But that’s not the question we asked, we want to know if the effect of the percent transit commuters changes as population density increases. To do that we have to multiply the two variables:
m3 <- lm(average.commute.time ~ percent.transit.commute*population.density, data=acs)
stargazer(m,m2,m3, type="text")
#>
#> ======================================================================================================================
#> Dependent variable:
#> ---------------------------------------------------------------------------
#> average.commute.time
#> (1) (2) (3)
#> ----------------------------------------------------------------------------------------------------------------------
#> percent.transit.commute 0.353*** 0.391*** 0.272***
#> (0.032) (0.056) (0.061)
#>
#> population.density -0.0001 0.001***
#> (0.0001) (0.0002)
#>
#> percent.transit.commute:population.density -0.00002***
#> (0.00000)
#>
#> Constant 23.225*** 23.209*** 23.110***
#> (0.105) (0.107) (0.109)
#>
#> ----------------------------------------------------------------------------------------------------------------------
#> Observations 3,140 3,140 3,140
#> R2 0.037 0.038 0.045
#> Adjusted R2 0.037 0.037 0.044
#> Residual Std. Error 5.630 (df = 3138) 5.631 (df = 3137) 5.610 (df = 3136)

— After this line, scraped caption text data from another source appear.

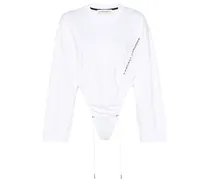 Body mit Logo-Print - Weiß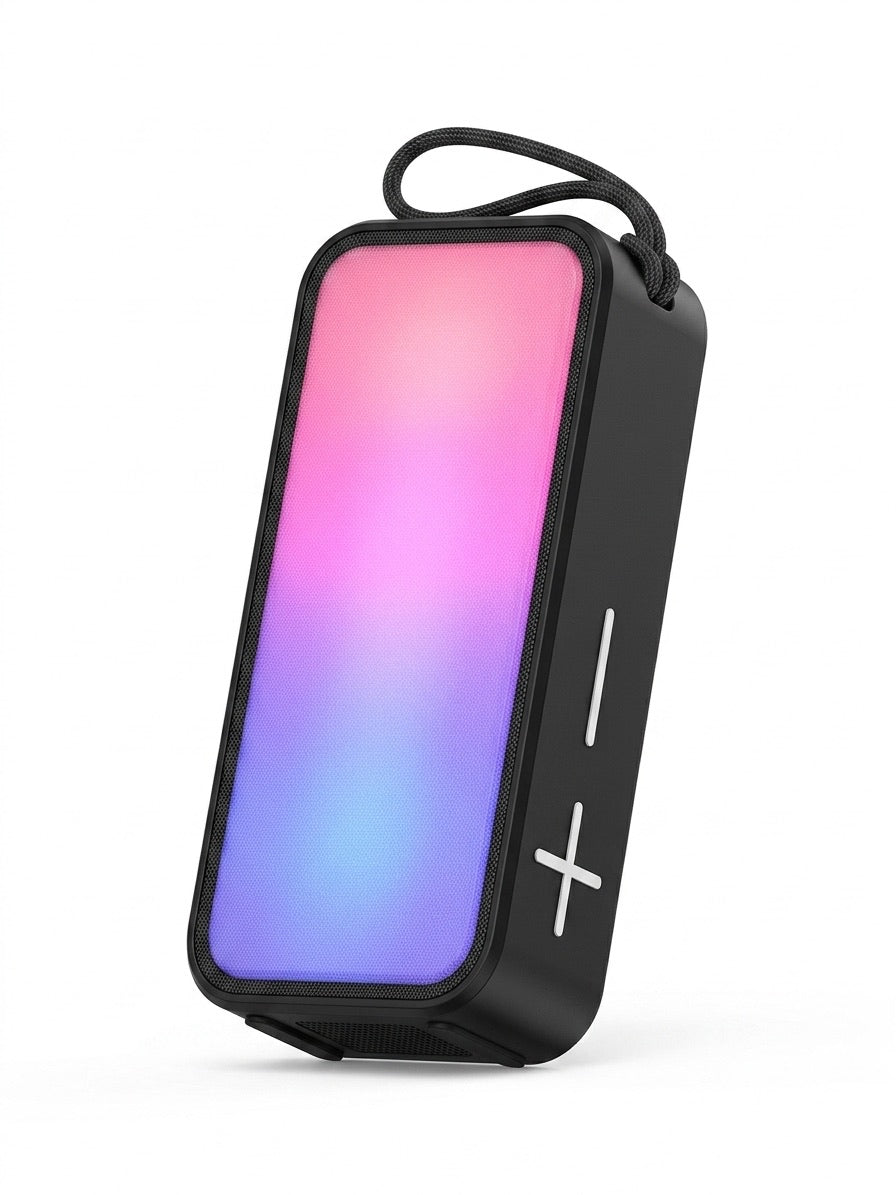 Boxă Portabilă Wireless Pro Stima SMA-6602, Bluetooth 5.3, Iluminare Frontală LED, Suport MicroSD/USB, 5W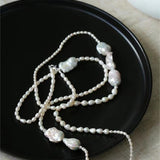 Vintage Elegant Natural Baroque Pearl Necklace - floysun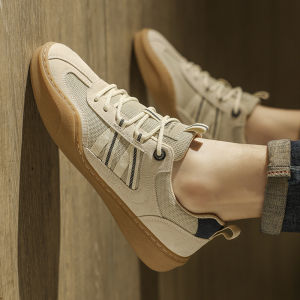 JIANDESAI | Breathable Mesh Vintage Style Athletic Shoes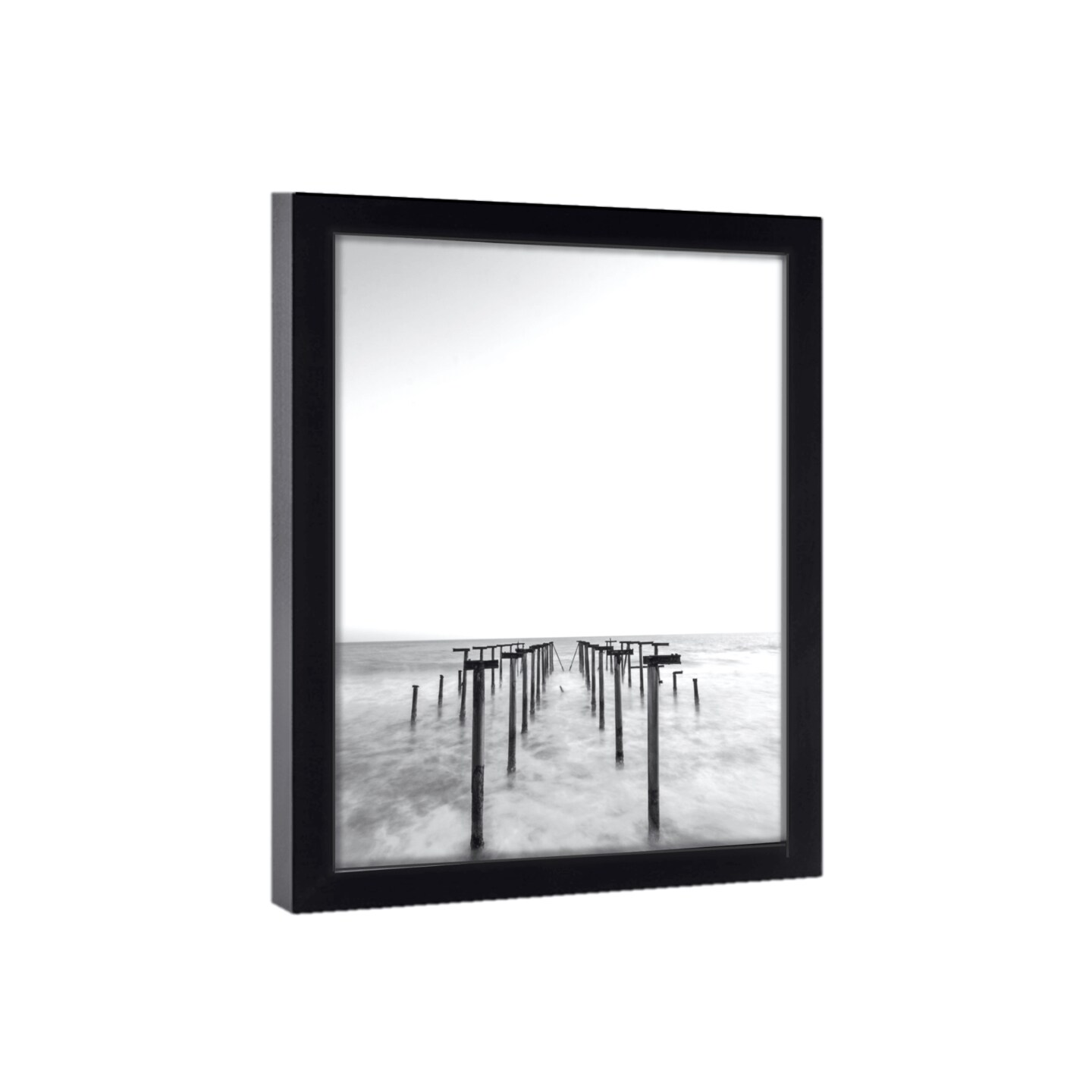 HAUS AND HUES 4 X 6 Picture Frame Wood Set of 1 4x6 Frame Black, 4 by 6  Picture Frame, Black Photo Frame 4x6, Wall Frame 4x6 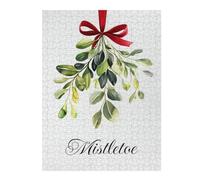 Puzzle pour Adultes avec Motif Christmas Mistletoe, Format 500 PCS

#> F Statistic 121.671*** (df = 1; 3138) 61.166*** (df = 2; 3137) 49.045*** (df = 3; 3136)
#> ======================================================================================================================
#> Note: *p<0.1; **p<0.05; ***p<0.01
Let’s break down what it is that we are seeing here.
The intercept here is 23.110. I have said many times that the intercept is the average value of the outcome when all variables in the regression are equal to 0, so this is the average commute time in a place with 0 transit commuters and 0 population density. So, as often is this case, this is a nonsense number.
To get the effect of the percent commuting by transit we can deploy a derivative:
\[ \hat{commute} = \alpha + \beta_1 Transit + \beta_@ Dens + \beta_3 Transity*Dens\\ \frac{\partial\hat{commute} }{\partial Transit} = \beta_1 + \beta_3*Dens\\ \]
As we wanted, the effect of the percent who commute by transit changes across levels of population density. If this equation describes the effect of % transit, under what conditions is the effect \(\beta_1\)? This is only the case when population density is equal to 0. So in a county with zero people the effect of an additional transit commuter is to increase average commute times by .272. Is this an important number? No! You have to know to ignore this number.
To determine what the effect of percent transit commute is, we have to evaluate at many values of of population density. Again, we have to be smart here. Try to think: what values does density take on?
summary(acs$population.density)
#> Min. 1st Qu. Median Mean 3rd Qu. Max.
#> 0.04 16.69 44.72 270.68 116.71 72052.96
OK! Let’s just do the math:
population.density <- seq(0,73000,1)
marginal.effect <- coef(m3)["percent.transit.commute"] + population.density*coef(m3)["percent.transit.commute:population.density"]
plot(population.density, marginal.effect, type="l", xlab="Population Density", ylab="Effect of % Transit Commute on Commute Time")
abline(h=0, lty=2)
rug(acs$population.density)
We see that this line is negative. This is saying that the effect of percent commuting by transit decreases as population density increases. In other words, when a place gets more dense having more people commute by transit moves from a net time suck on commute times to a net positive.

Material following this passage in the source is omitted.